What do children’s writers and illustrators read in their spare time? In this series of interviews with B.C. book folks, we discuss everything from guilty reading pleasures to the best literary villains. If you’d like to share some favourites of your own, please leave a comment!
What books are on your end table right now?
Chevy Stevens’s Never Knowing (I’m a sucka for thrillers). The Help by Kathryn Stockett (nope, I haven’t seen the movie yet). And, uh, How to Be An Adult in Relationships.
Where is the best place to curl up with a good book?
Well, not in bed, because then my hands get cold because the blood doesn’t flow to my fingertips. And not in a chair, because I need to have my legs propped up for some weird reason. I do love window seats. And I’m rather fond of sunbeams on the carpet.
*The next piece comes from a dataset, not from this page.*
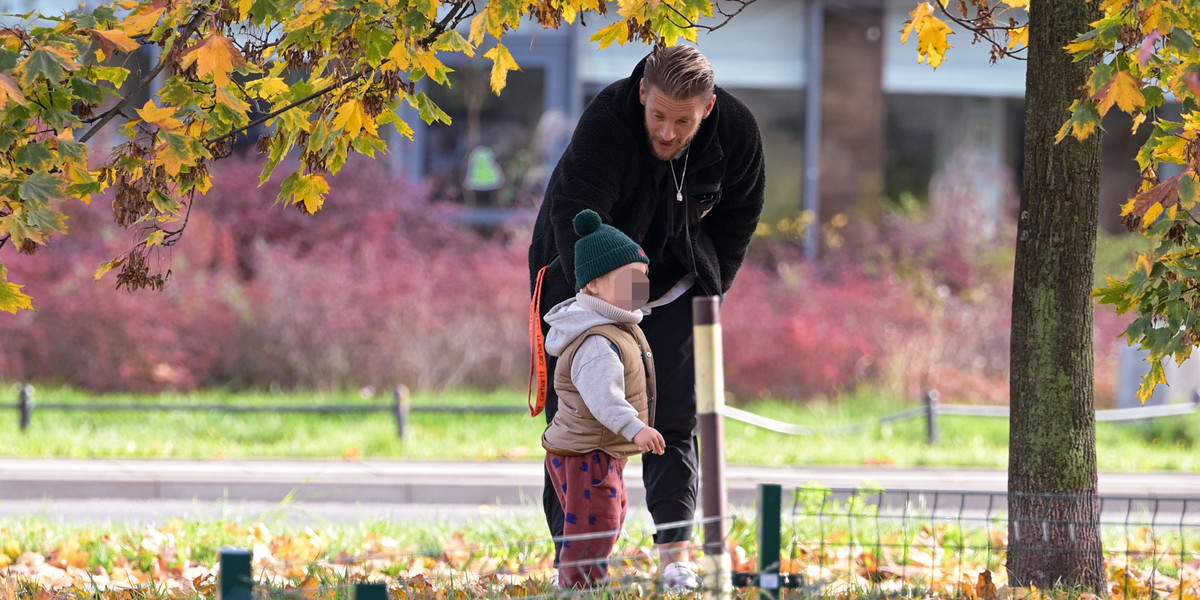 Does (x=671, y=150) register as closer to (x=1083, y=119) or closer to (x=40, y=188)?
(x=1083, y=119)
Who’s your favourite literary hero?
Jonas, in The Giver. As a boy of twelve, he had incredible courage to break free from everything he ever knew to pursue a life of unpredictability – and truth. I loved how Lois Lowry never really shows us Jonas: her greatest achievement in this book was to use Jonas as a vehicle for the reader to see the people and the community around him.
Who’s your favourite literary villain?
Randall Flagg, baby. There ain’t no one badder than the Walkin’ Dude.
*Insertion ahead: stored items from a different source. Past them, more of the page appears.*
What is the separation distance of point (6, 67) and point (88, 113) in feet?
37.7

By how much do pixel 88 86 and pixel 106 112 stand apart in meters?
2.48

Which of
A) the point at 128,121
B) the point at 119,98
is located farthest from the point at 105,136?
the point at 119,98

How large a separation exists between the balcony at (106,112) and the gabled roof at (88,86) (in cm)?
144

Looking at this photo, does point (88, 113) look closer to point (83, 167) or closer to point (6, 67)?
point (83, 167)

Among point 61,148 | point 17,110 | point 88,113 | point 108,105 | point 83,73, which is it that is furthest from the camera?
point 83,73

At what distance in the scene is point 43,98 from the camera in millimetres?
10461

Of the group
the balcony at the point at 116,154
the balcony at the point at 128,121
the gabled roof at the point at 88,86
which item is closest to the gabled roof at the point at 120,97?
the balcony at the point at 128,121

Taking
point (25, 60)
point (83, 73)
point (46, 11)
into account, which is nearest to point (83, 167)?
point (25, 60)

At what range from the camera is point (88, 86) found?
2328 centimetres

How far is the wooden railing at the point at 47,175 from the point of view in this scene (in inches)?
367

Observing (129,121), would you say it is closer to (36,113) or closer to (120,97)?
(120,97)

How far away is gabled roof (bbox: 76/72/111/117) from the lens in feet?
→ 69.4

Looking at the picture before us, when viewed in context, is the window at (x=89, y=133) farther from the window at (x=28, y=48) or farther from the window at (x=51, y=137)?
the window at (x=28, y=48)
If you could have dinner with three writers or illustrators, whom would you choose?
1. Virginia Woolf. I want to know whether she just . . . lost herself in the words.
2. Ernest Hemingway. I want to know why the worlds he created were more bearable than the one he lived in. I want to talk to him about his restless spirit.
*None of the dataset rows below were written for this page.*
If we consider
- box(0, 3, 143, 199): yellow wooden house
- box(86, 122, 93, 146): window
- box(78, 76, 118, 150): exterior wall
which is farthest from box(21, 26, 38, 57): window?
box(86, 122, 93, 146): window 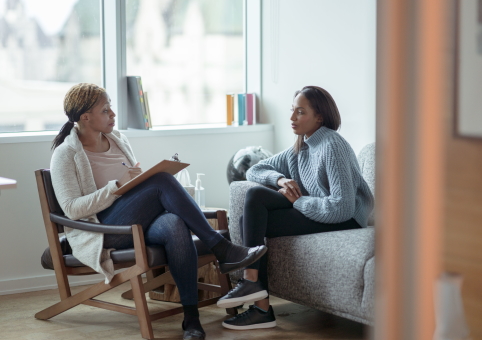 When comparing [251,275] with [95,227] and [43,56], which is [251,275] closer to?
[95,227]

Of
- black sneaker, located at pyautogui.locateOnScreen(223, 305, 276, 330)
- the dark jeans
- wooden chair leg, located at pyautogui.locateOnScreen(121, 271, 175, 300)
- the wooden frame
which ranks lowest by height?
black sneaker, located at pyautogui.locateOnScreen(223, 305, 276, 330)

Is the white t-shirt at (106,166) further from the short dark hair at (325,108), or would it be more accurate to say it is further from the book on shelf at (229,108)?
the book on shelf at (229,108)

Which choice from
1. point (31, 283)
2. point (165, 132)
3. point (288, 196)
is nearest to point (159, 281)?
point (288, 196)

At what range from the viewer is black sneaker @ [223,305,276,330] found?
2.54 metres

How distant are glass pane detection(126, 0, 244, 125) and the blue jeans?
130cm

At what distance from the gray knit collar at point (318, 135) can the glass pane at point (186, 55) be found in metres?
1.34

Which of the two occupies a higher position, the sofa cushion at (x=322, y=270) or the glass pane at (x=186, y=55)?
the glass pane at (x=186, y=55)

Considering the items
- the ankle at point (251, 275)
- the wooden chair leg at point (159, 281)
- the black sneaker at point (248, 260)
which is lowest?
the wooden chair leg at point (159, 281)

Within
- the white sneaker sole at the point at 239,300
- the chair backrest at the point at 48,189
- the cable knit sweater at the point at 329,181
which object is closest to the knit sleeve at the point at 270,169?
the cable knit sweater at the point at 329,181

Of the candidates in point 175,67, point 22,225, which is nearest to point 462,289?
point 22,225

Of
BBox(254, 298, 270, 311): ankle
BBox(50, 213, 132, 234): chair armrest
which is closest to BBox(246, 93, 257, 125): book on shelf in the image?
BBox(254, 298, 270, 311): ankle

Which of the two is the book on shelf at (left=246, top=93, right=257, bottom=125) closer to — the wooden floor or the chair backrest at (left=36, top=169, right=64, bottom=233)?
the wooden floor

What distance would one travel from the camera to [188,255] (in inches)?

3. And the last is a three-way tie between Tolkien, C.S. Lewis and J.K. Rowling. Lewis mostly because he and I share the same birthday, and I loved reading The Lion, The Witch and The Wardrobe to my Grade 5 kids. But Tolkien and Rowling? Those brains. Really. The ability to plot like that, to add such exquisite detail and subplots and twists and to not mess it up between volumes. They’re strong on all counts: voice, characterization, plot, pacing.
What series did you read growing up?
I read all six of Enid Blyton’s books about Mallory Towers. I loved Daryl, the protagonist. Love that she hauled off and whapped that gorgeous, whingey Gwendolyn, just like everyone else secretly wanted to do. Love that she played pranks on her teachers and sneaked out at night but still worked hard to keep her marks up.
What’s your guilty reading pleasure?
Magazines. It’s not that I feel guilty about reading them, it’s that I feel guilty buying them. And then, if I have a big stack of them sitting about, as I currently do, I feel guilty not getting to them. But I love them. I love how they’re perfect for someone with a short attention span like I have, and how they’re easy to read and full of pretty pictures and promise me ways to fix my life. And introduce me to other people whose lives are fixed (O magazine). Or completely unfixed and in jumbo disarray (Vanity Fair).
Are you more likely to be caught reading a zombie novel or a sentimental romance?
What is it with the zombies? Can someone explain the fascination? As for romance novels… let me tell you the number of times I’ve thought, Jesus, I could write that and then set about buying samples of similar books only to gag my way through exactly five eighths of each one before putting it back on the shelf and looking for something sharp to poke myself in the eyes with. I guess it’s true that you should write the kind of stuff you like to read. Because if you don’t have the stomach to read it, how’re you going to write it?